What you will do — In the reply, include exactly the lines of the entries below from the first to the line with "Apartment & Ocean", that line included.

(Exercise materials begins)

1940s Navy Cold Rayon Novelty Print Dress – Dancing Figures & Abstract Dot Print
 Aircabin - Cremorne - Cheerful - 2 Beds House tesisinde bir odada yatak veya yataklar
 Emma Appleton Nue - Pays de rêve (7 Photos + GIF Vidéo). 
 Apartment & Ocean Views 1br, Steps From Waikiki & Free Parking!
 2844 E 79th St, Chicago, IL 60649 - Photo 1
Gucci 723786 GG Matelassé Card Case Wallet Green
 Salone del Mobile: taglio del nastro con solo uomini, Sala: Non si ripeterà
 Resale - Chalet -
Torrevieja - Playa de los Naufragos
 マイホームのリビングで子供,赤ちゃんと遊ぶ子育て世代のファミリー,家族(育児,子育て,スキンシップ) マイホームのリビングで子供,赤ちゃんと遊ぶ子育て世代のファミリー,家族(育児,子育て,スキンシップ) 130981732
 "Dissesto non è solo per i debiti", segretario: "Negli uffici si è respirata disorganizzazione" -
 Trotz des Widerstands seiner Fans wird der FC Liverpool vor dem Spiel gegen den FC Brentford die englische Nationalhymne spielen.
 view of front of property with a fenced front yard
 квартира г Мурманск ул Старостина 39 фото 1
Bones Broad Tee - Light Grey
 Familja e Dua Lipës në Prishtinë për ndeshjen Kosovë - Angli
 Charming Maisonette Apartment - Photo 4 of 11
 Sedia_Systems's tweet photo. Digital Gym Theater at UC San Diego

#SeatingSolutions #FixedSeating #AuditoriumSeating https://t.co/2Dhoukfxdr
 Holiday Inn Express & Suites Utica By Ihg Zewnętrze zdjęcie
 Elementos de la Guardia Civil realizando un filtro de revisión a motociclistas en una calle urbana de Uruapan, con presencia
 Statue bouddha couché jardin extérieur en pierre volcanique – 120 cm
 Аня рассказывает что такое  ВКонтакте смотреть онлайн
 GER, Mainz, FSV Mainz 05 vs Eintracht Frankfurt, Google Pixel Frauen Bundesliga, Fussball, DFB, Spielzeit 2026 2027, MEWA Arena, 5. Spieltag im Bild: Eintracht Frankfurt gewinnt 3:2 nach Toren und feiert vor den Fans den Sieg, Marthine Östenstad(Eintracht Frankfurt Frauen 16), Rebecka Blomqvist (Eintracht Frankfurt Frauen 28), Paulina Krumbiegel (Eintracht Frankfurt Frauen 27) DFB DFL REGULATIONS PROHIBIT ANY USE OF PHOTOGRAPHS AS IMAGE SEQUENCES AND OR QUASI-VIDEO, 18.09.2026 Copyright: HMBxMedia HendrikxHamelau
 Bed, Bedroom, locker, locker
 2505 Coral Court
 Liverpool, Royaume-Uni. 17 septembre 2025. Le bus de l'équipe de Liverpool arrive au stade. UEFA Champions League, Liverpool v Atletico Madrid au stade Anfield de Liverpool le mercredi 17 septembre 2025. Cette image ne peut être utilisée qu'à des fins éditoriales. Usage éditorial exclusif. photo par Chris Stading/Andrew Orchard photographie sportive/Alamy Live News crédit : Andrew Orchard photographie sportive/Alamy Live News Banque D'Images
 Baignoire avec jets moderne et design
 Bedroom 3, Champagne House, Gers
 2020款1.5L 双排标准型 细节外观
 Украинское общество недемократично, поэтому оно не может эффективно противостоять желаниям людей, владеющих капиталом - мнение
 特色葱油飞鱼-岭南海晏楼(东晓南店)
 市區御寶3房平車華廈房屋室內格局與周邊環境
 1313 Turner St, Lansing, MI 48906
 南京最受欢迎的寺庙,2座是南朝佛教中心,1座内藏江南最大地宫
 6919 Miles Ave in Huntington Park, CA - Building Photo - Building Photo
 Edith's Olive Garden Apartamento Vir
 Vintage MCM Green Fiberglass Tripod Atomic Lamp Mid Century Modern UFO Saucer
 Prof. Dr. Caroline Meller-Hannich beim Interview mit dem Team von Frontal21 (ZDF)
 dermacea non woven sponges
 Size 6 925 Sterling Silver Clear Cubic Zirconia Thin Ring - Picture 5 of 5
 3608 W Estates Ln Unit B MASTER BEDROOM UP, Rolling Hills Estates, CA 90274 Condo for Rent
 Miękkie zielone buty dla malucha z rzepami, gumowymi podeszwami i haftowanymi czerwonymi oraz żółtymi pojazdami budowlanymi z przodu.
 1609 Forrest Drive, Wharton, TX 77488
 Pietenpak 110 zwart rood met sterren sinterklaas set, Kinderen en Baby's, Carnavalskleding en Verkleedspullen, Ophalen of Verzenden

(Exercise materials ends)

Result of this task —
1940s Navy Cold Rayon Novelty Print Dress – Dancing Figures & Abstract Dot Print
 Aircabin - Cremorne - Cheerful - 2 Beds House tesisinde bir odada yatak veya yataklar
 Emma Appleton Nue - Pays de rêve (7 Photos + GIF Vidéo). 
 Apartment & Ocean Views 1br, Steps From Waikiki & Free Parking!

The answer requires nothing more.